Video-Interviews bieten Vorteile
„Für manche Jobs machen wir Video-Interviews. Der Kandidat bekommt ein E-Mail und nimmt ein Video zu vorgegebenen Fragen auf, das von rund 25 Menschen angeschaut wird. Die bewerten jede Antwort einzeln“, sagte Eva Zehetner, Bereichsleiterin Human Resources der A1 Telekom Austria Group. Die übliche Diskussion – „Wie hast du den Kandidaten gefunden?“ – sei dagegen nicht sehr analytisch oder objektiv. Außerdem könnten so gewisse Dynamiken ausgeschlossen werden, die das Ergebnis verfälschen – etwa wenn auf dem Weg zum Gespräch über ein Fußball-Match, das beide gesehen haben, gescherzt wird.

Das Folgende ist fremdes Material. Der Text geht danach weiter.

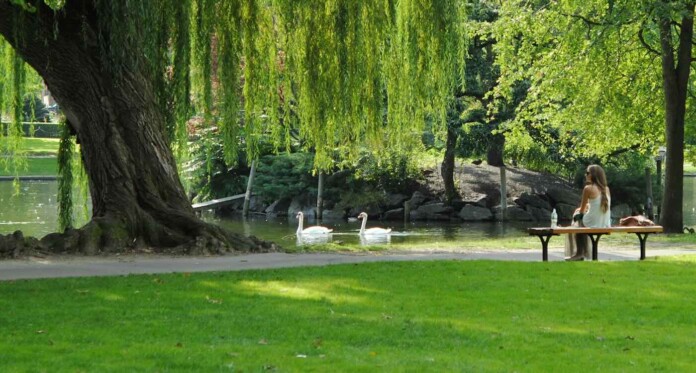 woman alone at park with lake and swans-Josephine Baran cjrULwnJKhI-unsplash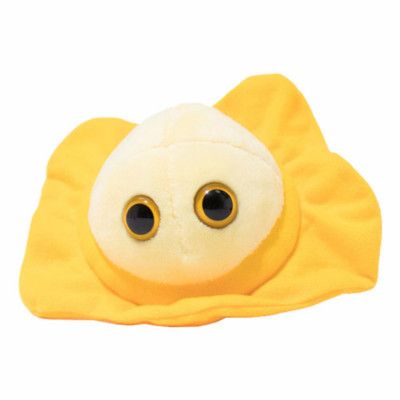 Gosedjur Könssjukdomar - Herpes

„Alle brauchen IT-Mitarbeiter. Soviel Informatiker, wie die Wirtschaft fordert, kann man aber gar nicht ausbilden. Wir müssen in die Richtung gehen, dass beispielsweise Maschinenbauer digitale Kompetenzen erwerben können“, sieht Christian Huemer, Studiendekan für Wirtschaftsinformatik an der Technischen Universität (TU) Wien, einen Ausweg. Nach wie vor ungelöst sei das Thema des Frauen-Anteils: „Wenn man die Hälfte der Gesellschaft wegstreicht, hat man etwas falsch gemacht.“ Der Mangel an Fachkräften könne nur durch Qualifizierungsmaßnahmen in digitale Kompetenzen „oder in anderen Worten durch Investition in Bildung“ gelöst werden.
„Strahlende Marke“ wirkt anziehend
„HR-Tech ist wichtig, aber zunächst muss der Sinn vermittelt werden, warum jemand bei uns arbeiten sollte. Vor allem Millennials hinterfragen die Werte eines Unternehmens. Da hilft eine strahlende Marke“, erklärte Wien Energie-Geschäftsführer Michael Strebl. E-Mobilität beziehungsweise der Umbau der Energiesysteme generell sei da für viele attraktiv. „Die wesentliche Frage ist, ein Unternehmensimage aufzubauen, das in der Realität standhält. Danach kann man über Prozesse und Technik reden.“ Außerdem würden Trainee-Programme, Frauenförderung und Weiterbildung forciert, das „spricht sich auch am Markt herum“, so Strebl.
„Wir stehen am Anfang einer spannenden HR-Tech-Reise, künstliche Intelligenz zieht langsam ins Recruiting ein. CV-Datenbanken verlieren an Bedeutung, Personen sind transparent und Systeme aggregieren sämtliche Daten, die sie zu einer Person im Netz finden“, so Mario Koplmüller, Bereichsleiter IT Recruiting bei epunkt. Derzeit würden sich viele Unternehmen zwar teure HR-Tech-Systeme anschaffen, diese aber nur rudimentär verwenden, weil das Team nicht in die Entscheidung eingebunden wurde, nicht gut geschult ist oder einfach keine IT-Affinität besteht. Zwar werde es leichter, Kandidaten aufzuspüren, aber immer schwieriger, sie zu gewinnen und an Bord zu holen. „Denn das wird immer in der Hand des Unternehmens und der Menschen bleiben“, ist Koplmüller überzeugt.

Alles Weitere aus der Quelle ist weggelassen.